Data under study
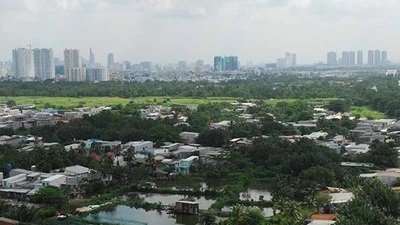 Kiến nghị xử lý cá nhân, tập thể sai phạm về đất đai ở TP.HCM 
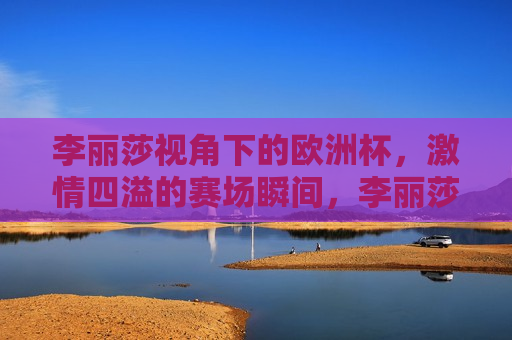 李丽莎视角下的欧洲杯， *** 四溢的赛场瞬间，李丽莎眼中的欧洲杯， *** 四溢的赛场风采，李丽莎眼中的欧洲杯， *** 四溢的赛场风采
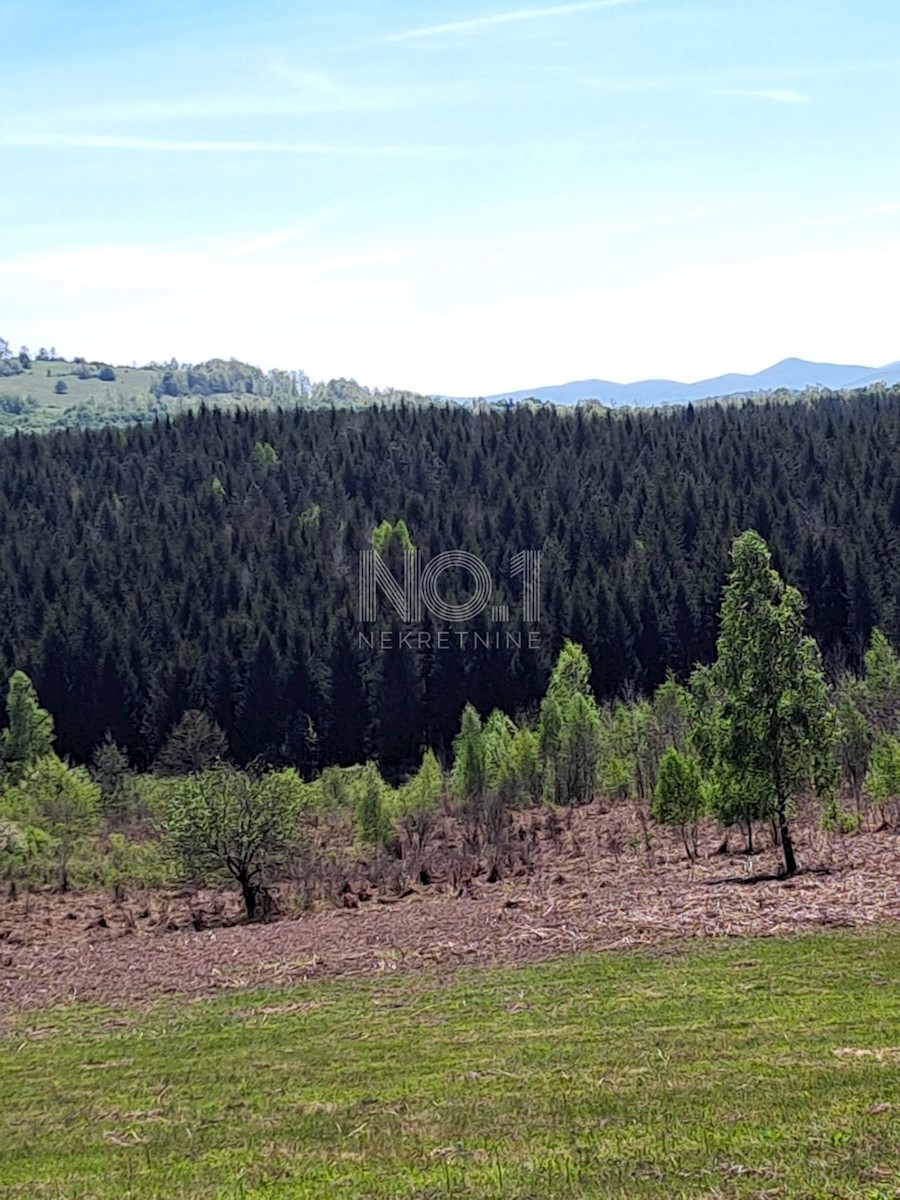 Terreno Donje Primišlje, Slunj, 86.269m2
* * *
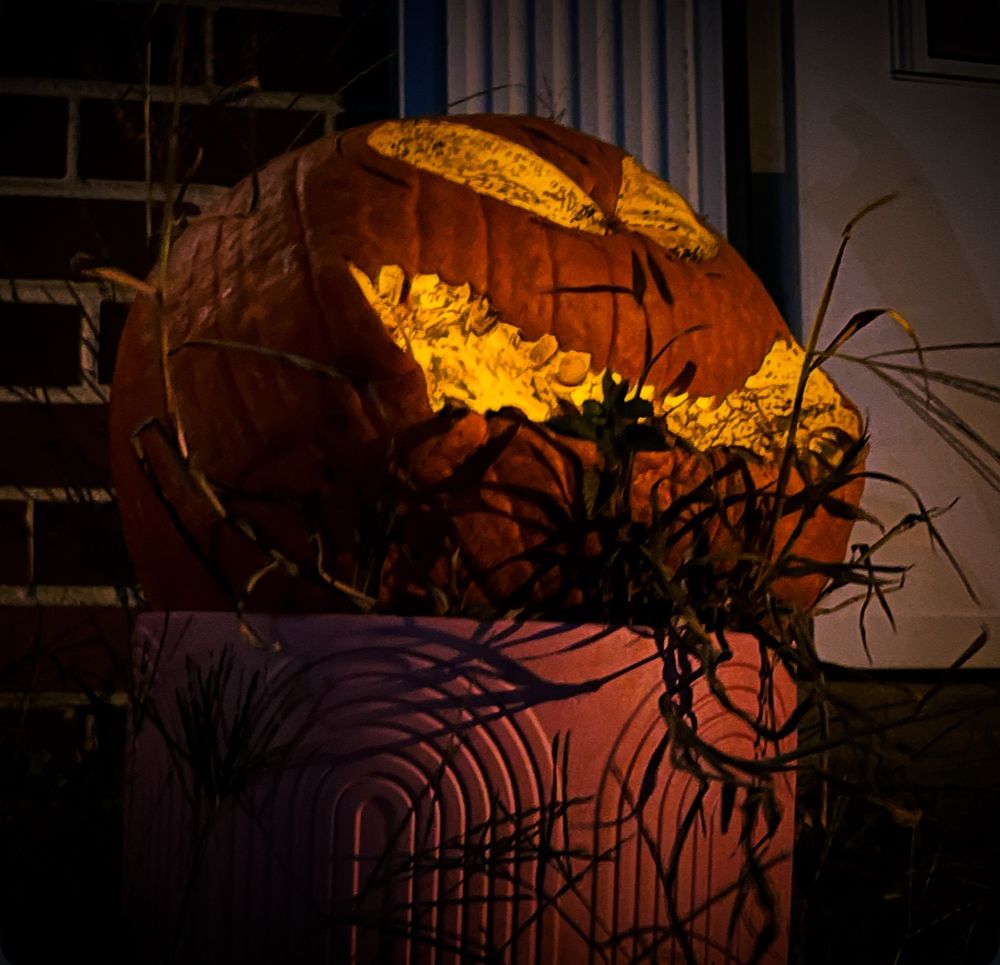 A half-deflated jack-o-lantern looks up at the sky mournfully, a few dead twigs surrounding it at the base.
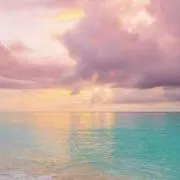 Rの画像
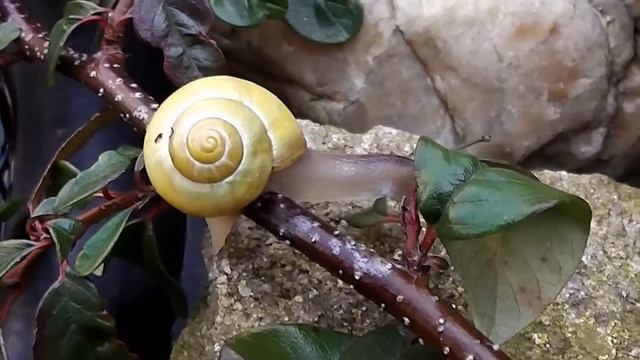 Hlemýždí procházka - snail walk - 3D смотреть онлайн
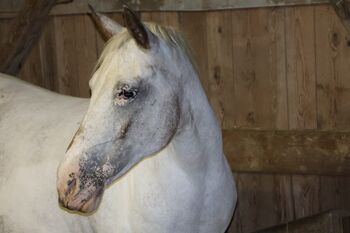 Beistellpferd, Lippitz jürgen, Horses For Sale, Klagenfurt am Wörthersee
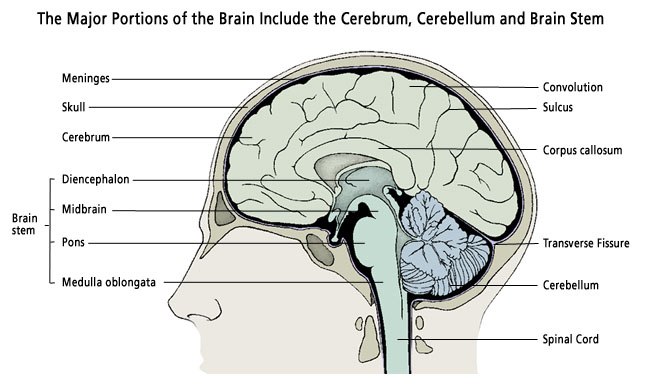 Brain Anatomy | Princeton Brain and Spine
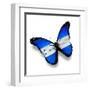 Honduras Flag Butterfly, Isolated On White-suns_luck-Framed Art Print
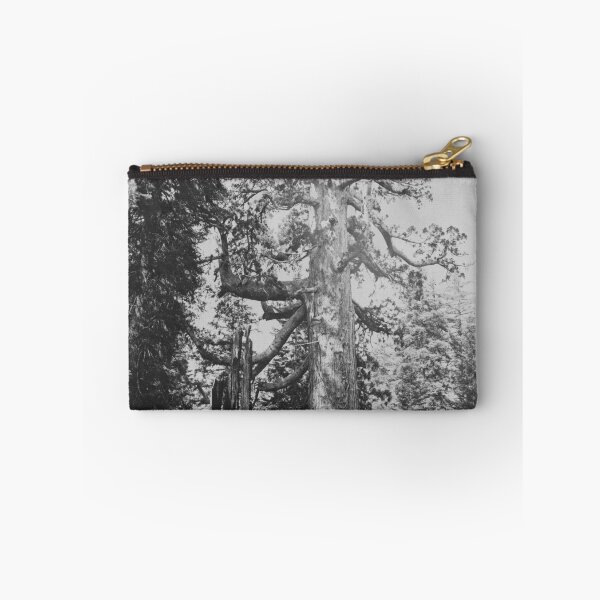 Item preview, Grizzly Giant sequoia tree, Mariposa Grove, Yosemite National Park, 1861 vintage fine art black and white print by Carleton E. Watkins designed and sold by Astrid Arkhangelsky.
---
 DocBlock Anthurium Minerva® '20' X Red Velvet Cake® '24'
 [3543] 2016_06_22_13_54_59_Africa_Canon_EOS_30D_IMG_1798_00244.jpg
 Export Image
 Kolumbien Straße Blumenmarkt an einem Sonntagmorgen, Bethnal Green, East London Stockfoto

Task to carry out
Everything above from the line that has "李丽莎视角下的欧洲杯， *** 四溢的赛场瞬间，李丽莎眼中的欧洲杯，" down to the line that has "Terreno Donje Primišlje, Slunj, 86.269m2" should be output exactly, with both of those lines included. Leave the pictures behind.

Solved problem
 李丽莎视角下的欧洲杯， *** 四溢的赛场瞬间，李丽莎眼中的欧洲杯， *** 四溢的赛场风采，李丽莎眼中的欧洲杯， *** 四溢的赛场风采
 Terreno Donje Primišlje, Slunj, 86.269m2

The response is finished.